In complaints about the downside of "The Han River Miracle," rapid development, and Korean culture in general, there are certain standard-issue arguments that most of us foreign types tend to keep within quick reach, ready to draw in a flash; one of these is that Koreans think too much in terms of "빨리빨리" (bballi bballi) – doing everything "quickly, quickly" – such that things get done slapdash and produced ramshackle.
Yes, this is a problem, and Korea has indeed bled for its sins: bridges falling, department stores collapsing, streets exploding. In the mid-1990's, the excesses of the haste and corruption of the 1980's became shockingly apparent. Has "Korea" learned very much from these embarrassments? Kinda. So I don't fear my officetel (an apartment building zoned for business use as well, such that some of my "neighbors" are small offices) falling down while I'm sleeping, Samsung makes great monitors, Kia cars go and go and go, and certain things do tend to get done here significantly and pleasantly faster than home.
So you do have some things on the positive side of the whole 빨리빨리 thing. People come over and fix things that day. Money gets transferred instantaneously. The rapid implementation of broadband and the Internet is surely a side effect of this way of thinking: in 1995, I used to impress girls by showing them email, in 1997, hooking up a modem to my Powerbook and showing them my "home page" used to elicit "ooohs" and "ahhs." What digital wonderment! When I returned to Korea in 2002, the country humbled me the the 25 megabit connections they had hooked up to their home PC's.
But I'm not going to help Korea brag about its being an "Internet superpower." There are enough silly, progress-obssessed government agencies to do that quite well. I wish to do something far simpler, extol the virtues of something far more pure – that would be the joy of Quikservice™.
What is Quikservice™? It is the wonder of having something to hand off to someone within Seoul or the very broad vicinity, and it being important enough that you would almost consider dropping what you're doing to get it to that person yourself, you are quite relieved to know that there is a courier service that will do it for you. And it's cheap. As Bernie Mac said, "Quick, faaaaaast!"

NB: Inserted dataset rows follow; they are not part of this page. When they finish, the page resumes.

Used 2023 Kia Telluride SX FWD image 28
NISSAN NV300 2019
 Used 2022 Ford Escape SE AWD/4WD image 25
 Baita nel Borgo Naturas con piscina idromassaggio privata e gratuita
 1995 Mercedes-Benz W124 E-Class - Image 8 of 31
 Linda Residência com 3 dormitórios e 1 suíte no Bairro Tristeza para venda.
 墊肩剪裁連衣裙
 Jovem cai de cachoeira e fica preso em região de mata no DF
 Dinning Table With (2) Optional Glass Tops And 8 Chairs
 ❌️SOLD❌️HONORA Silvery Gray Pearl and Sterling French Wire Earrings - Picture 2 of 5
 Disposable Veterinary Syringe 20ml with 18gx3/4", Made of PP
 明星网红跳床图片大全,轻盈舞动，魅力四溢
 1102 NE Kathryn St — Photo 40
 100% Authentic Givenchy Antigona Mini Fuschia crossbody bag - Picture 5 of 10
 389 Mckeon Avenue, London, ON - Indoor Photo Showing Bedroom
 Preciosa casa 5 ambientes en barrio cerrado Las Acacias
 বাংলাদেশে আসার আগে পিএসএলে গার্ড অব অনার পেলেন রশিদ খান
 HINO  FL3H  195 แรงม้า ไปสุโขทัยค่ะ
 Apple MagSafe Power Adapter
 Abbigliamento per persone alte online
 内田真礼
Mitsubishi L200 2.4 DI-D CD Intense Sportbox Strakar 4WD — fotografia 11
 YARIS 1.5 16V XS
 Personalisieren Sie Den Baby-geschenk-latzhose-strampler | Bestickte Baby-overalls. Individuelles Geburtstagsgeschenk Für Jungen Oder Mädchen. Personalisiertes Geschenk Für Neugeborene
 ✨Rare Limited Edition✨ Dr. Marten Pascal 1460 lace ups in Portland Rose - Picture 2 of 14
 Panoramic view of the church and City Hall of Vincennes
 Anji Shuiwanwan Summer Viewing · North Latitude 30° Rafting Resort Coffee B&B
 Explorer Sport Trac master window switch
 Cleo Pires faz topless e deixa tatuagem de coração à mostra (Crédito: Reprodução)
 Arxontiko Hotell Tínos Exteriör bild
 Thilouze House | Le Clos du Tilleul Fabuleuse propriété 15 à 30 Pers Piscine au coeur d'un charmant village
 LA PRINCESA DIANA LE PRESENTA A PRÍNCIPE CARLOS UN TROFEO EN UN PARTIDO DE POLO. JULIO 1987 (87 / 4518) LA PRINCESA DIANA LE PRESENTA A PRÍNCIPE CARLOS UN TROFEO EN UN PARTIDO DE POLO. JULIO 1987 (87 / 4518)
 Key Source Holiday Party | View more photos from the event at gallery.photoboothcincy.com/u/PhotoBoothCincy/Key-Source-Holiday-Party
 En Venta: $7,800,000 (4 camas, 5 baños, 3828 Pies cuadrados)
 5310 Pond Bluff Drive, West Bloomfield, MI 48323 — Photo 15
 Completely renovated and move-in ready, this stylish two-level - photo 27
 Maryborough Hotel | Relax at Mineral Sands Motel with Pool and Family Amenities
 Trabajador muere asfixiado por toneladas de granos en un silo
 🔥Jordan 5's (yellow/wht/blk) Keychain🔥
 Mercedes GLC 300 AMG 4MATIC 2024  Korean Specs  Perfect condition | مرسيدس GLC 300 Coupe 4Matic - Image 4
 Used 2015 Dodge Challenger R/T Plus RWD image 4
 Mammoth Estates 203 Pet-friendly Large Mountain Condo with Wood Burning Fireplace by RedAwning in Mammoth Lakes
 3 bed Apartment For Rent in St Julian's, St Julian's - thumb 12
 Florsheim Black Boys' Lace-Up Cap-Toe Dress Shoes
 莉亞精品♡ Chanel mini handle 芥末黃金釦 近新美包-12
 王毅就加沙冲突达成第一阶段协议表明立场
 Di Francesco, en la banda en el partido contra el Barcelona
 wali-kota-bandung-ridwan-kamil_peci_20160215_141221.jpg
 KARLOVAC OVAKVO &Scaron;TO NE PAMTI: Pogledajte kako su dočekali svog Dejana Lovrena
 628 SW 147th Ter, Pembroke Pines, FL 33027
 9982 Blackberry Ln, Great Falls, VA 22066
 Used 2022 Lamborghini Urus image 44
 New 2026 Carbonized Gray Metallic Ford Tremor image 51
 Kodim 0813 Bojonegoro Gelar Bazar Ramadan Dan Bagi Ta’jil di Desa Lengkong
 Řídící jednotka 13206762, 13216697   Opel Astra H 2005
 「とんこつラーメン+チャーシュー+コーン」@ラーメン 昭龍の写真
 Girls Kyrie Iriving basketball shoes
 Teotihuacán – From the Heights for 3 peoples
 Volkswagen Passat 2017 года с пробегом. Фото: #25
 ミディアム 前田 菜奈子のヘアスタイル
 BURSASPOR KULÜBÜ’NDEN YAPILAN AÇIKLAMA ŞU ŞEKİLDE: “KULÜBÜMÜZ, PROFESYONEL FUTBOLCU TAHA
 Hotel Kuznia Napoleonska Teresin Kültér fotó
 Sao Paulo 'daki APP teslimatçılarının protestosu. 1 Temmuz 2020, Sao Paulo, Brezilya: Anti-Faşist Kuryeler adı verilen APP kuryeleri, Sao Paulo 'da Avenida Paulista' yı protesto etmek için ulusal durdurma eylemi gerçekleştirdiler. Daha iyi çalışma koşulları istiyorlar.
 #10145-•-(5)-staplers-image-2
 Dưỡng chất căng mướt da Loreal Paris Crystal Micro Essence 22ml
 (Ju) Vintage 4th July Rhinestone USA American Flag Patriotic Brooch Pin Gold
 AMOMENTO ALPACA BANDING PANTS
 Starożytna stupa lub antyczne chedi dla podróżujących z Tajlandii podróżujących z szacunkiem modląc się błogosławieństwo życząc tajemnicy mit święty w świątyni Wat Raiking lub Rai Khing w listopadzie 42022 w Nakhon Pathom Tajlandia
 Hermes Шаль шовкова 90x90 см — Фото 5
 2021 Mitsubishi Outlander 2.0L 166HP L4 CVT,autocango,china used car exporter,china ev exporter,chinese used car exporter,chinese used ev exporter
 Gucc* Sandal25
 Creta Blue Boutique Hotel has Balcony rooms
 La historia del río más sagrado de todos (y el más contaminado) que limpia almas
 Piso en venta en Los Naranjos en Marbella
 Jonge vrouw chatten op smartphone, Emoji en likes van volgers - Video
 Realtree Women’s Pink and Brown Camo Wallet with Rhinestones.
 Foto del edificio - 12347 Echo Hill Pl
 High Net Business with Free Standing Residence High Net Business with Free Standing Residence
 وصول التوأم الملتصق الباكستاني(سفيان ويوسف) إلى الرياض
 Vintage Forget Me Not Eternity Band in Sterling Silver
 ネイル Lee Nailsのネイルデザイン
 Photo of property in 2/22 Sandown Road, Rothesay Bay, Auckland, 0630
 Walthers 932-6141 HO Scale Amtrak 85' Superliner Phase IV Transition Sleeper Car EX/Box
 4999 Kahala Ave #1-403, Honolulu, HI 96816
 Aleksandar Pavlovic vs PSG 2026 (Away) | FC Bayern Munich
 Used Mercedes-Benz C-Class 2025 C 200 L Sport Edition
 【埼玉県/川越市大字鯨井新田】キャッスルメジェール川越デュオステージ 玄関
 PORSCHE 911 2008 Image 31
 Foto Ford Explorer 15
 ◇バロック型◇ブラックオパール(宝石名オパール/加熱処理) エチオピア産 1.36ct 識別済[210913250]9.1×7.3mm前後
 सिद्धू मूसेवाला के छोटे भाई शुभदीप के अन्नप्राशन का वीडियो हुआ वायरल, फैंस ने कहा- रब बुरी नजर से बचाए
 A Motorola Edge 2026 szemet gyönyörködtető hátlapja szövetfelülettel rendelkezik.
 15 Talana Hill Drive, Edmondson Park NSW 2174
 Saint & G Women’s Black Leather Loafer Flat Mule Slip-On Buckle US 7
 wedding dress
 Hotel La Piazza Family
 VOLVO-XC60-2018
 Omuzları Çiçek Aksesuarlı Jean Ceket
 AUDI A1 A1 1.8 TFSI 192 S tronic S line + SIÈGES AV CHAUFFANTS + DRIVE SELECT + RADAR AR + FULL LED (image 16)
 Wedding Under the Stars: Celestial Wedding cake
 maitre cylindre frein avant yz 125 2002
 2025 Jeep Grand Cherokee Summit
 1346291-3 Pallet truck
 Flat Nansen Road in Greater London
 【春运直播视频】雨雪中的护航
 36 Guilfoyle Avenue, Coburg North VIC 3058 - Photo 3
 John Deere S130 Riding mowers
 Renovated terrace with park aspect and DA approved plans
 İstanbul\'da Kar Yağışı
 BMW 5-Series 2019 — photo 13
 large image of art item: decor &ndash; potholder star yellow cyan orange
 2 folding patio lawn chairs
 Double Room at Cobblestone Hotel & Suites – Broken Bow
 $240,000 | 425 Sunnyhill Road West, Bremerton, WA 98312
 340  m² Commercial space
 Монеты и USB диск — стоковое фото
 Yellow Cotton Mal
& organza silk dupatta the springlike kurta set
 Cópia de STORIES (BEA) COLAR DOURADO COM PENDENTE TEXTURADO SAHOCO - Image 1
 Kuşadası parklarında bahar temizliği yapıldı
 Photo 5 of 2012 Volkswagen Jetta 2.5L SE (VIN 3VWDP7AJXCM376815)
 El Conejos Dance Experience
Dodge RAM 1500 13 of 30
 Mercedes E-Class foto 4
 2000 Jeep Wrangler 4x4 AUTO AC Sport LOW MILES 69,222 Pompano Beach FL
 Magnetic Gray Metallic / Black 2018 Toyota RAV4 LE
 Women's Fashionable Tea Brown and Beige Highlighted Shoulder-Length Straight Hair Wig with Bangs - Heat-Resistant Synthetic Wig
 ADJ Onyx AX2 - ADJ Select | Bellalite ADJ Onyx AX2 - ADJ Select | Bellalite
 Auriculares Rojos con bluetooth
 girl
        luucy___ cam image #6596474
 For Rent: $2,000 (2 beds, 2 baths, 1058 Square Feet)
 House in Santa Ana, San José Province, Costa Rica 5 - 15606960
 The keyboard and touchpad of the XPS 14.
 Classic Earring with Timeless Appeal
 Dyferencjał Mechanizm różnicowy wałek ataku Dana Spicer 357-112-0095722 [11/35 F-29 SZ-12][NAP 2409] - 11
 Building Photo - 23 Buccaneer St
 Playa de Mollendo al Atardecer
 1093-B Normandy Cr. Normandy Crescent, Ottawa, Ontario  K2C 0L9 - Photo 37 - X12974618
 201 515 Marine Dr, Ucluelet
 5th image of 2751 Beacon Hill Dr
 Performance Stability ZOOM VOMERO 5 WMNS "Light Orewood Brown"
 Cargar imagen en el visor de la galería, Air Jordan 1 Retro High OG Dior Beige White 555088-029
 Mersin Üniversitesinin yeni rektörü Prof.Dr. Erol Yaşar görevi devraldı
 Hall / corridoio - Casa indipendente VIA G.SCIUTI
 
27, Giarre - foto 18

I've called in an order to Kyobo for a book I really needed to quote from – got there within the hour with something like a $5 surcharge. When I bought my iPod in Yongin – about an hour outside of Seoul – I just had to have it that day. $20 (silly, I know). When a media station needed me to offer critique on a new show, they had the tape for me within hours. My favorite Korean director – now that was a nice gig – rushed me a copy of his most recent film to give the subtitles a once-over. He needed me to see it that night so as to be able to work with him the following day. That was Quik-enabled.
Seoulites just call it "Quik". You need it send over ASAP? 퀵으로 보내. "Send it via Quik." I love it. Seoul and various companies all operate as "Quikservice" couriers, although I think that this is a brand name for a single company that has become pressed into ubiquitous service, much like Kleenex™ has become more than just a single company's branded word that has come to be synonymous with the concept of "disposable hankies."
Do you really think an NYC bike messenger would really survive this?
"Quik" consists of hordes of motorcycle men who weave in an between traffic at breakneck speeds and with test pilot precision through some improbably small spaces between people, cars, buses, and buildings. Many foreigners incorrectly stereotype Koreans in general as "bad drivers." I don't think that's true, in the large scale. Despite the fact that Korea has one of the highest traffic accident death rates in the developed world, I think this is more due to the crazy and aggressive way most Koreans tend to drive, as opposed to an essential lack of automotive skill. Given the insane stunts and Road Racer™ speeds I see and experience every day in Seoul, I'm surprised there aren't dead bodies flying across highways and littering the streets everywhere, Mad Max style.
So when you get to the matter of ajussis on motorbikes sitting near the middle of intersections, revving their engines, waiting for the light to change – you are on a whole 'nutha level. Like Korean traffic in general, in regards to Quikservice deliverymen, you either can be very, very afraid of them, or you can simply decide to respect them.
They would wax Mel Gibson's Mad Max ass.
And once you utilize their services to get your precious materials across Seoul in less than 60 minutes for sometimes less than $10, you can feel some respect that combines with the healthy fear you should have when stepping off the bus or opening a taxi door. Yes, they might zoom across your path like banshees out of the opened gates of Hell, but that's why they get their shit delivered on time. When you're on the other end of the delivery cycle, you come to appreciate and respect that.
And once you've found yourself saying "아저씨, 이 거 진짜 빨리 가야 되는데...30분안에 도착할 수 있겠죠?" ("Mister, this has to get there fast...Can it get there in under 30 minutes?"), you have truly crossed a boundary. If someone were to try to compile answers to the question "When do you know you're Korean?", asking the Quikservice deliveryman to go even faster would surely top the list.